Che per ora la ripresa non bagna fino in fondo le coste campane ne è convinto anche Ambrogio Prezioso, presidente dell’Unione industriali di Napoli . «Se l’Italia in tredici anni ha perso 120 mila imprese con un milione 150 mila occupati », afferma, «la crisi è stata più grave nel Mezzogiorno. Secondo i dati Svimez, infatti, il 70% dei disoccupati generati negli anni della crisi è meridionale, mentre il tasso di partecipazione al lavoro è pari al 40% rispetto al 64% del Nord. Il tasso di occupazione femminile, invece, con il suo 33% è inferiore non solo al 50% circa del Centro-Nord, ma anche al 43% della Grecia». Cosa fare allora per ripartire? «Dobbiamo rimuovere gli ostacoli che frenano lo sviluppo», continua il presidente degli industriali, «come l’eccesso di burocrazia, il peso esorbitante del fisco, un asfissiante cuneo fiscale, l’inefficienza della giustizia civile e il costo dell’energia. In particolare, per il nostro territorio, una grande opzione di sviluppo è rappresentata dalla valorizzazione dei giacimenti culturali, in una visione che integri industria della cultura, turismo e ambiente. Inoltre, bisogna partire dalla ripresa del manifatturiero per il cui successo l’innovazione è la leva fondamentale di sviluppo. Occorre dunque una politica che promuova e sostenga l’innovazione perché il fatturato delle aziende innovatrici ed esportatrici è cresciuto nel 2014 dell’1,2% mentre quello delle aziende meno dinamiche si è attestato intorno allo 0,3%».

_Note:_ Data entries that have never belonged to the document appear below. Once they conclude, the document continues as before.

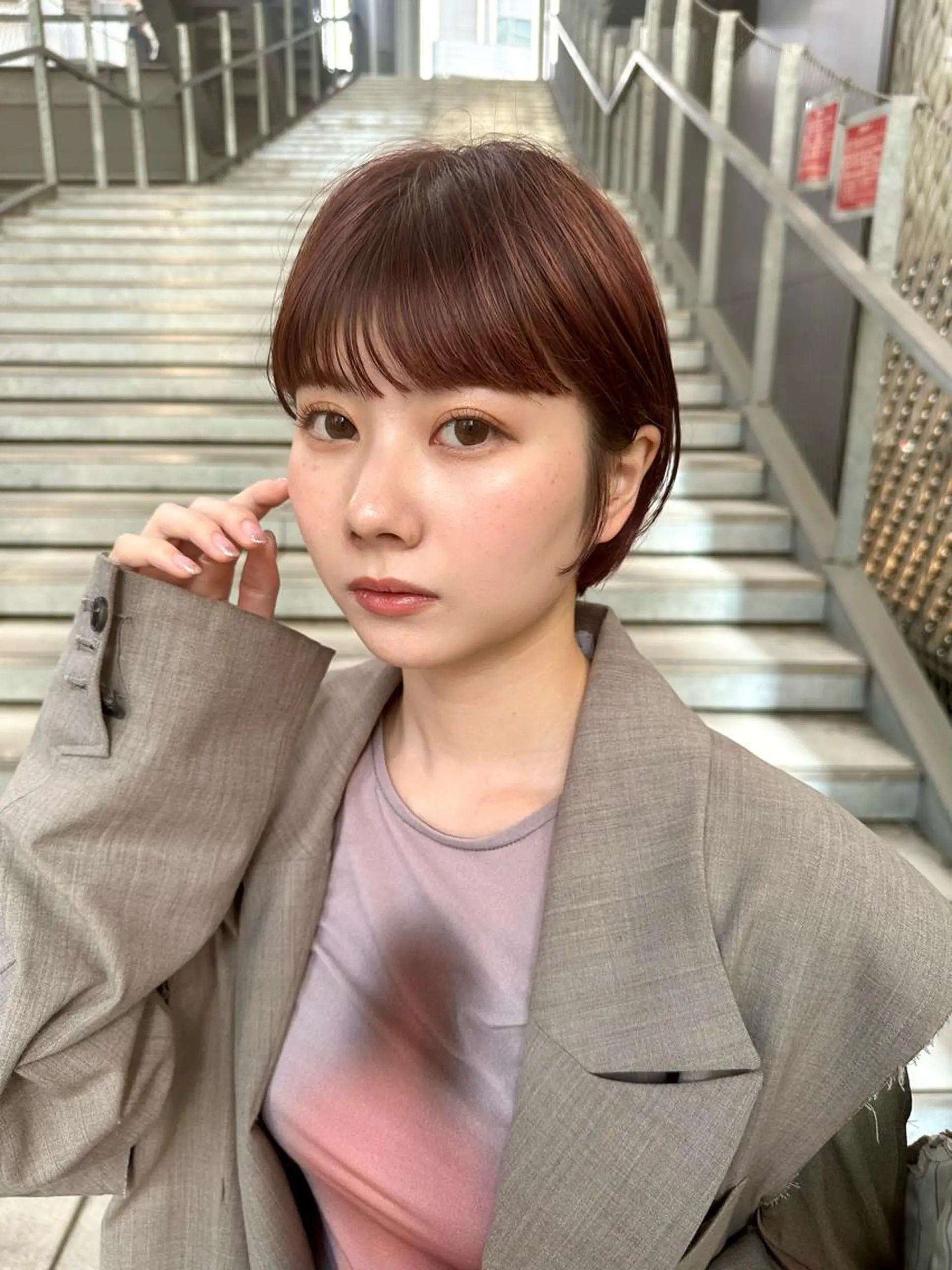 ショート 骨格診断で絶対可愛い ✨丸みショート✨凌弥のヘアスタイル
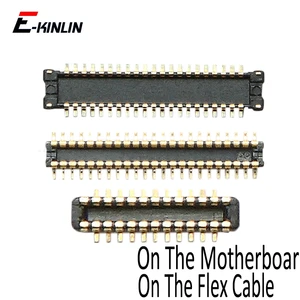 2 шт.партия, ЖК-дигитайзер, сенсорный экран, FPC Разъем для iPhone 5 5S 5C SE 2016 на материнской плате, гибкий кабель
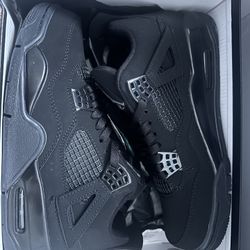 Air Jordan 4’s Black Cats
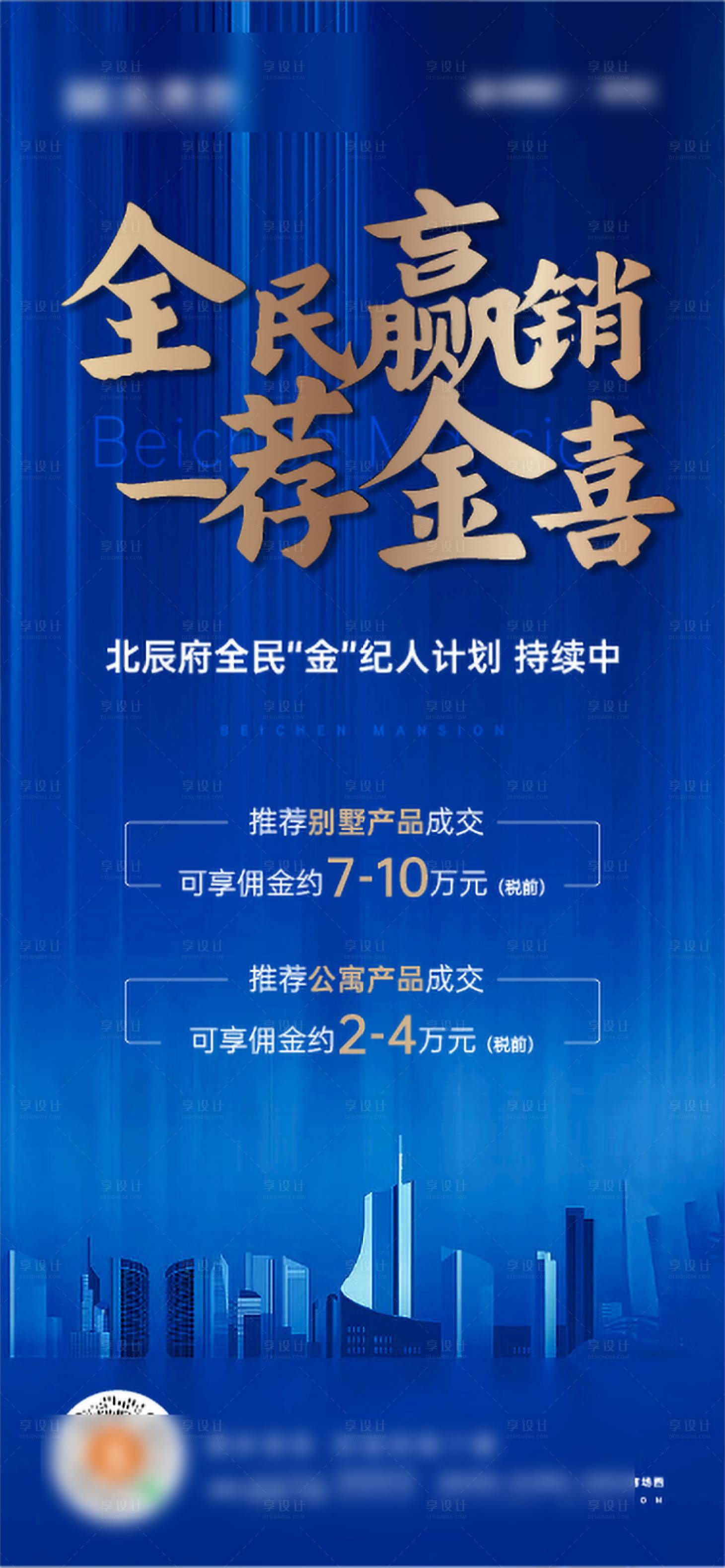 源文件下载【地产全民营销刷屏海报】编号：26490027403158343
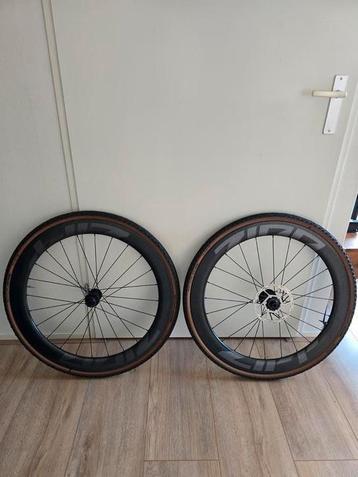 Zipp Firecrest 404 - carbon wielset beschikbaar voor biedingen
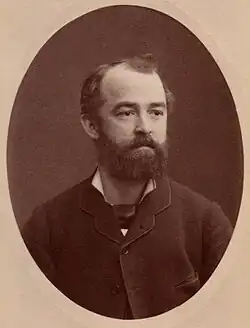 Dr Maurice Jeannel en 1881 à Vendôme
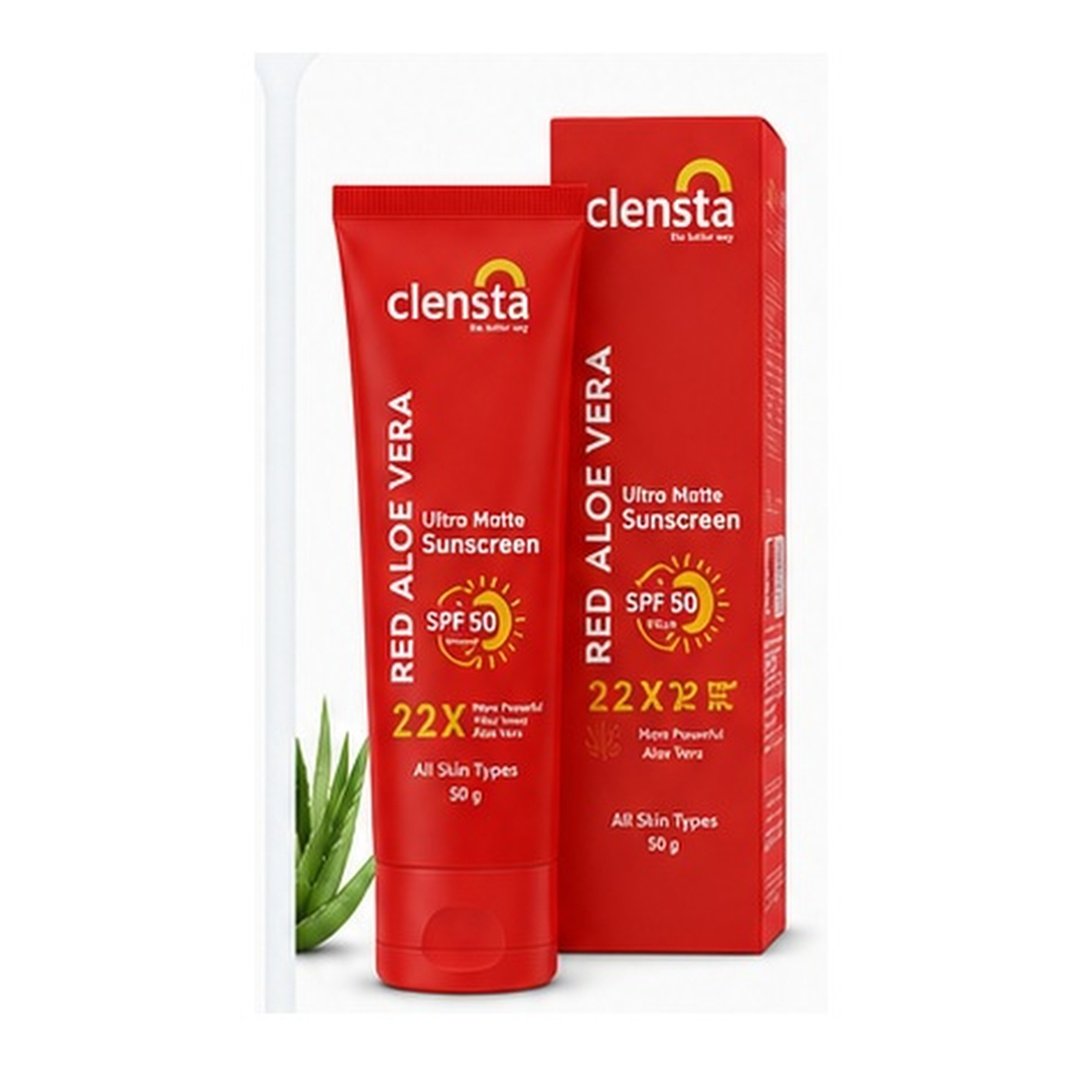 Red Aloe Vera Ultra Matte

Per questo motivo, Unindustria di Napoli punta a far comprendere a quelle imprese che ancora non lo hanno fatto l’importanza di trasformarsi in pmi innovative ovvero in soggetti economici con forti potenzialità di crescita che possono imprimere rapidamente un impulso determinante alla capacità competitiva dell’Italia. In questo cambiamento, però, non basta affidarsi alla lungimiranza e al proattivismo delle singole aziende o delle filiere produttive, ma è fondamentale il ruolo del commercialista che, sfruttando le policy a supporto dell’innovazione delle pmi previste dall’Investment Compact, è in grado di veicolare le agevolazioni fiscali e le semplificazioni che puntano a valorizzare le piccole e medie imprese innovative.

Non a caso, nelle scorse settimane, si è tenuta a Napoli la terza tappa di #Territoridigitali, il roadshow nazionale con cui Confindustria Digitale si propone di avviare un’azione sistemica per stimolare e aiutare le pmi italiane a intraprendere un percorso di innovazione tecnologica e crescita competitiva. L’iniziativa itinerante – che ha già interessato Trieste e Reggio Calabria e che fino al 2016 toccherà numerosi comuni italiani in diverse regioni – è stata caratterizzata da un approccio strettamente operativo, finalizzato ad aiutare imprenditori e manager a capire come trasformare la propria azienda in un’impresa digitale, anche attraverso la discussione su diverse tecnologie innovative capaci di cambiare il modo di fare business.
Oltre che sull’innovazione, gli industriali di Napoli puntano, in collaborazione con l’Università Federico II, sulla formazione per permettere ai giovani di avvicinarsi più velocemente e consapevolmente al mondo del lavoro, in una provincia con uno dei tassi di disoccupazione più alti in Italia.

«In una società sempre più caratterizzata da un’economia basata sulla conoscenza e l’informazione», concludono gli industriali, «dove il sapere diventa fattore di produzione economica ed opportunità di crescita sociale, una formazione più innovativa, aperta, costruita sulle competenze, una formazione che riconosca il valore del know-how delle imprese e che, attraverso la ricerca, favorisca la competitività, rappresenta sicuramente un contributo determinante per l’occupazione dei giovani, la produttività delle imprese ed il rilancio dell’economia».